Provided material:

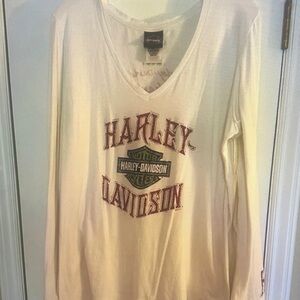 Harley-Davidson White Long Sleeve Shirt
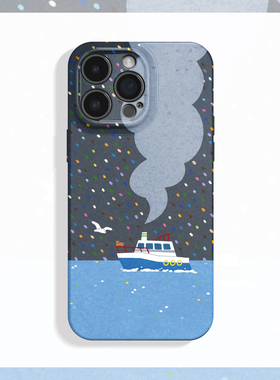 彩虹雨~海鸥轮船ins适用iphone17promax手机壳苹果16华为nova14小米15opporeno13菲林vivox200一加ace6magic8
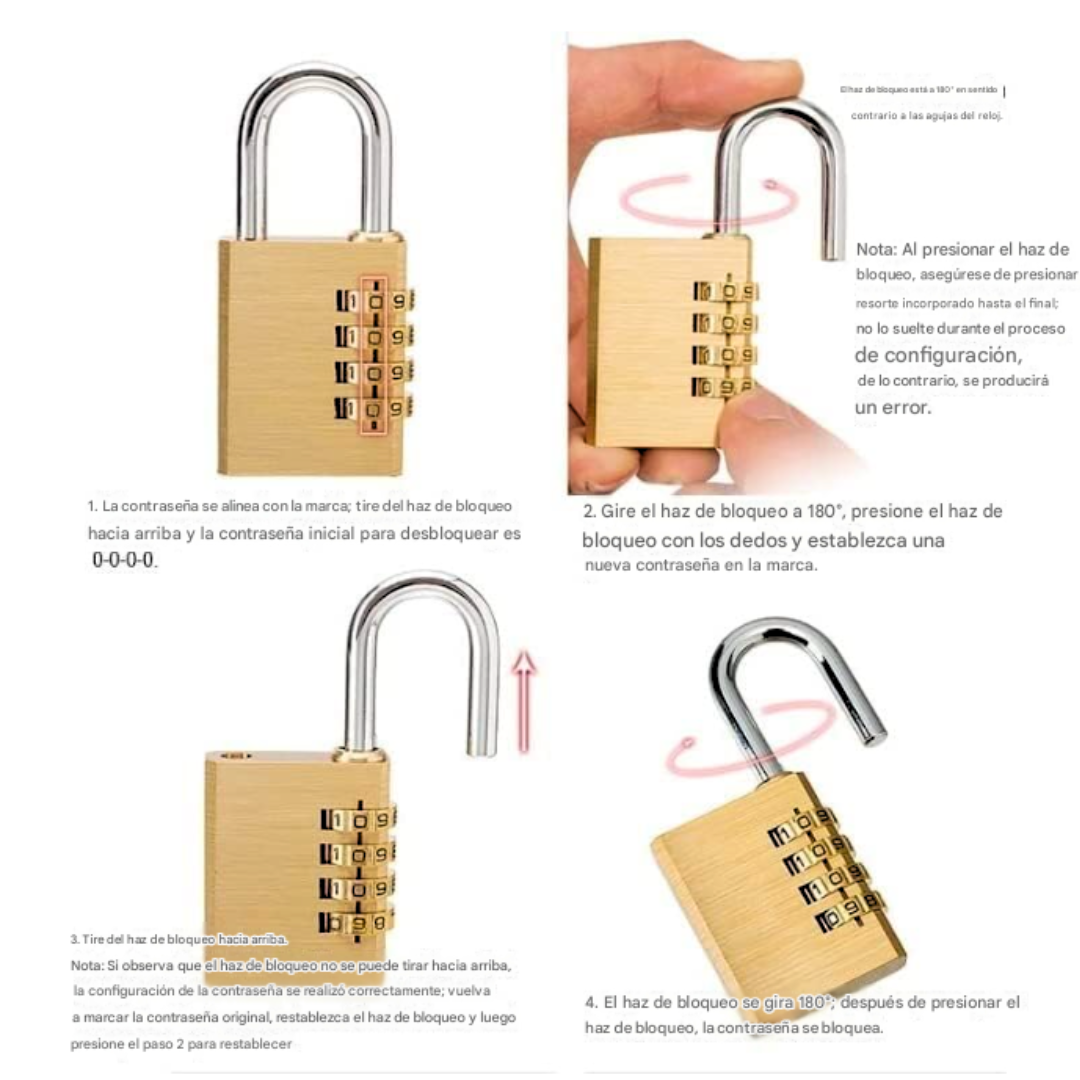 Candado Con Clave 4 Dígitos Para Maleta, Casillero Y Equipaje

Exercise instructions: Leave out every picture and write out exactly the lines running from the line containing "彩虹雨~海鸥轮船ins适用i" to the end of the listing above.

Response:
 彩虹雨~海鸥轮船ins适用iphone17promax手机壳苹果16华为nova14小米15opporeno13菲林vivox200一加ace6magic8
 Candado Con Clave 4 Dígitos Para Maleta, Casillero Y Equipaje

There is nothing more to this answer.